▶ **Provided data**:
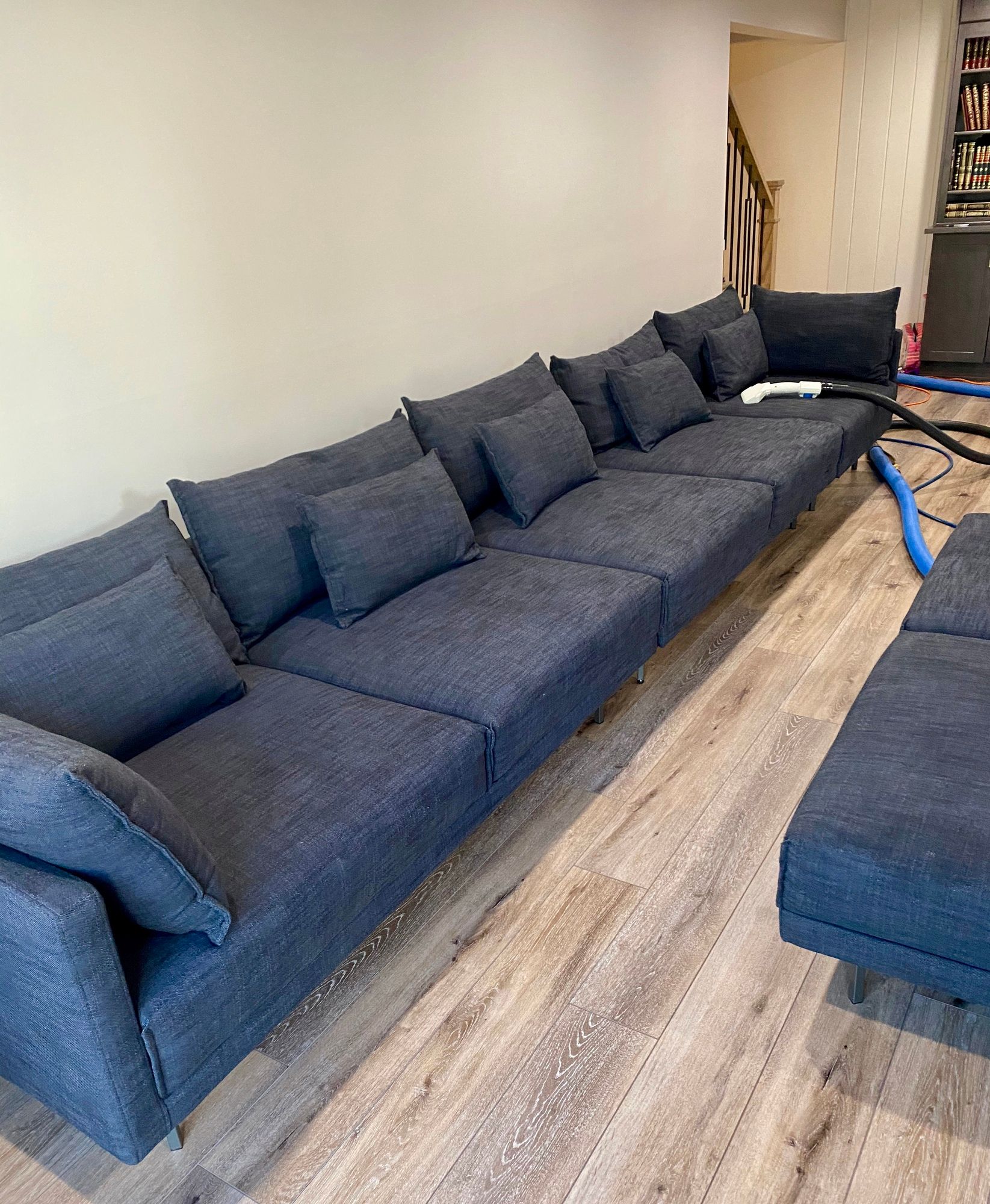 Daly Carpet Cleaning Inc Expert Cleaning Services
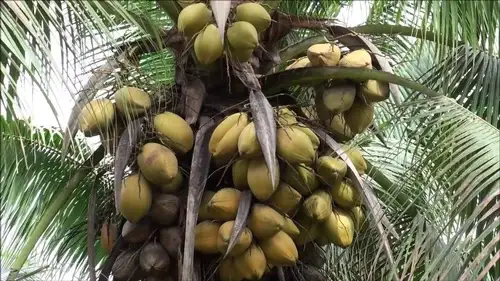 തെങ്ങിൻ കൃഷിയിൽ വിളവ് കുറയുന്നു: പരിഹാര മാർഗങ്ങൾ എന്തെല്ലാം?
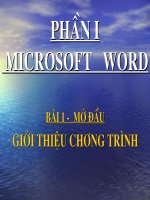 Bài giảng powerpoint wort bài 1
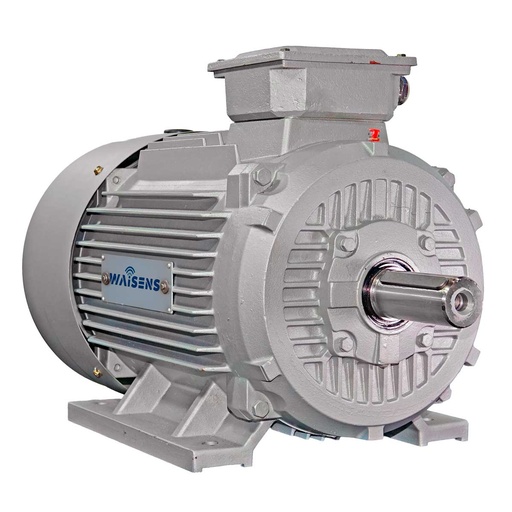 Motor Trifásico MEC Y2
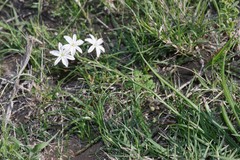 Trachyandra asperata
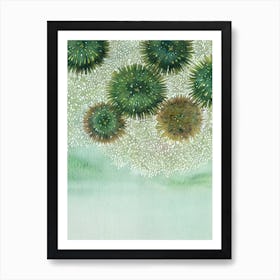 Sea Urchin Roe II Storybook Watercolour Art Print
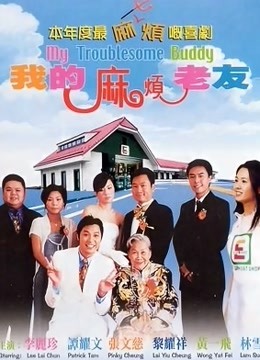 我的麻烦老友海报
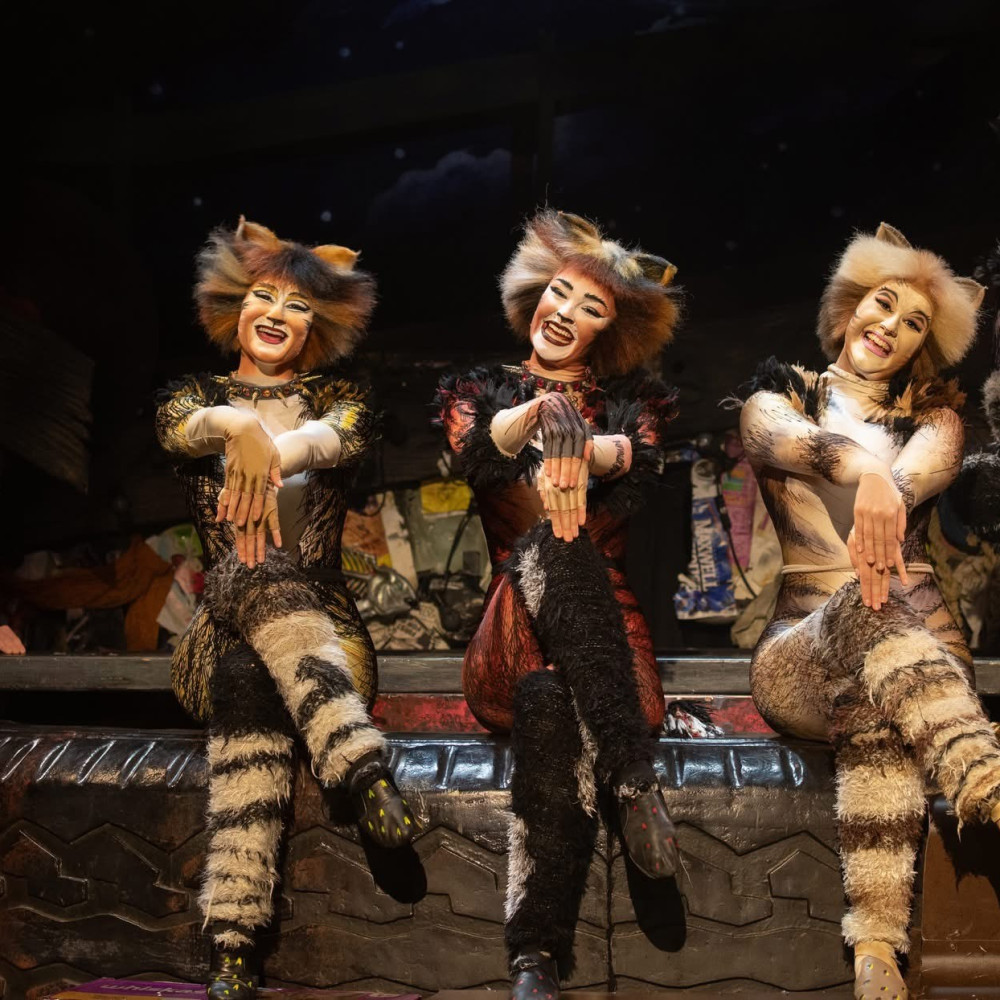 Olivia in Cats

▶ **Problem description**: Could you restate every record above word for word, leaving the pictures out?

▶ **Response to this task**:
 Daly Carpet Cleaning Inc Expert Cleaning Services
 തെങ്ങിൻ കൃഷിയിൽ വിളവ് കുറയുന്നു: പരിഹാര മാർഗങ്ങൾ എന്തെല്ലാം?
 Bài giảng powerpoint wort bài 1
 Motor Trifásico MEC Y2
 Trachyandra asperata
 Sea Urchin Roe II Storybook Watercolour Art Print
 我的麻烦老友海报
 Olivia in Cats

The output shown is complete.